■ TASK OBJECTIVE ■
Each line below that contains "Blue" should be counted. Give only the total.

■ EXERCISE MATERIAL ■
*****

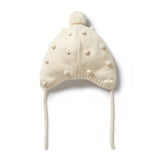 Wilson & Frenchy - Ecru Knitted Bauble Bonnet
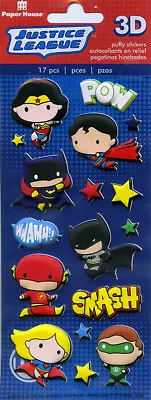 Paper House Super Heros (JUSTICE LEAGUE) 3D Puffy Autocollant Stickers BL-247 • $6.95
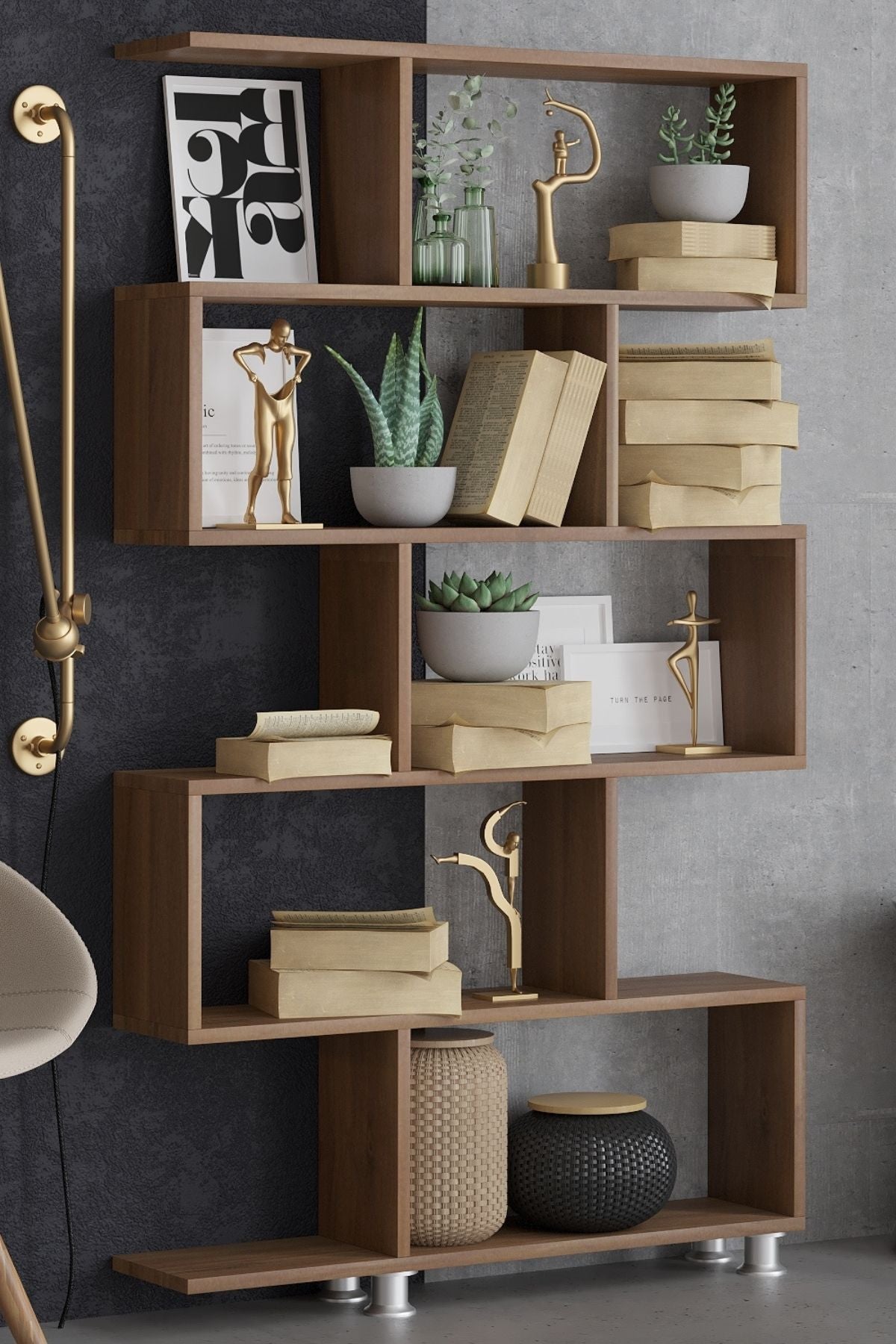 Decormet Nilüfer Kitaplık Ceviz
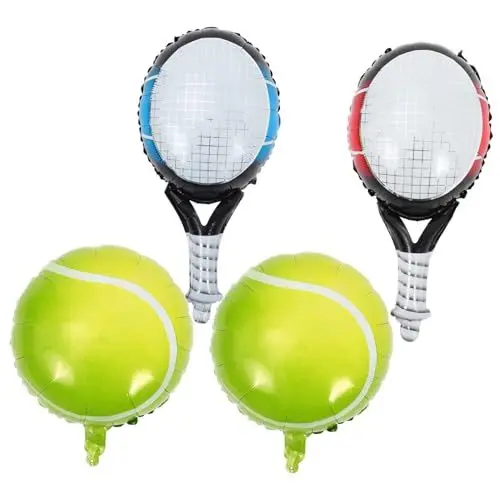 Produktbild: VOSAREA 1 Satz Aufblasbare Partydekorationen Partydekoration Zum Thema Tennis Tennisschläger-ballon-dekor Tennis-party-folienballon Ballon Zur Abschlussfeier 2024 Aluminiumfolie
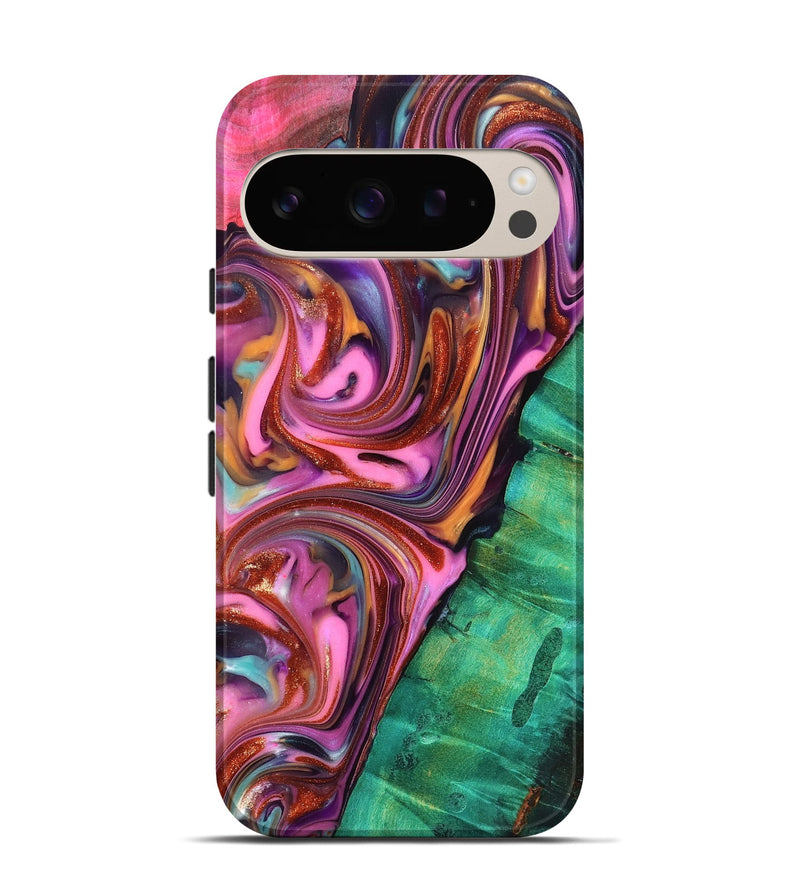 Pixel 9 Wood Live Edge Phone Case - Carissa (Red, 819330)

*****

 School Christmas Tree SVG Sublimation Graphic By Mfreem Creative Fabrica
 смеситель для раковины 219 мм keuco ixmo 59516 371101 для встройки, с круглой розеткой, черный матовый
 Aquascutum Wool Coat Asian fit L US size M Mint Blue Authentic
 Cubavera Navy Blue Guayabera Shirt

*****

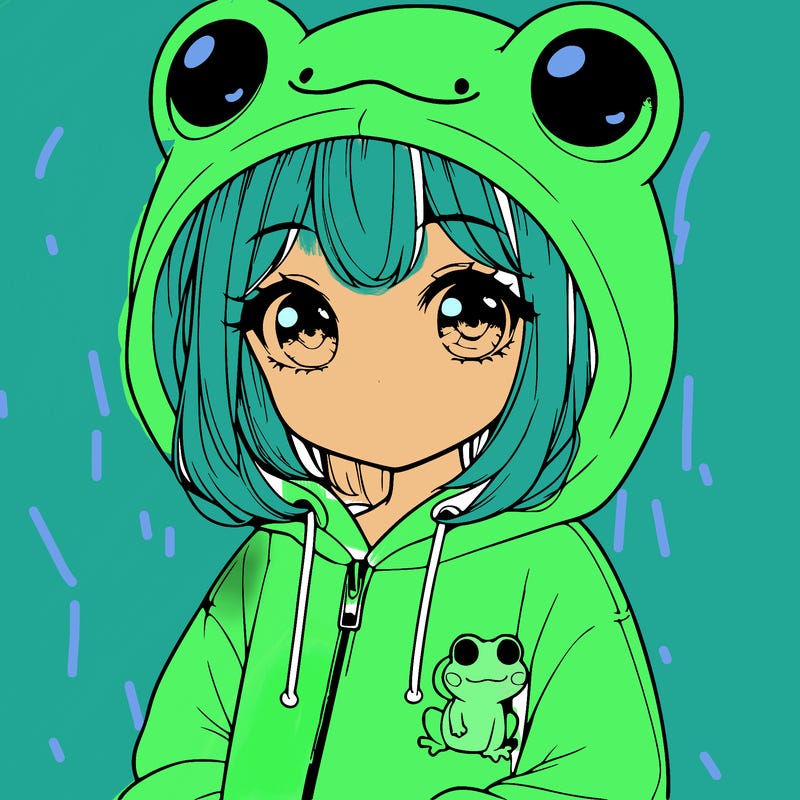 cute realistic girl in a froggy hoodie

*****

■ RESULT FOR THIS TASK ■
2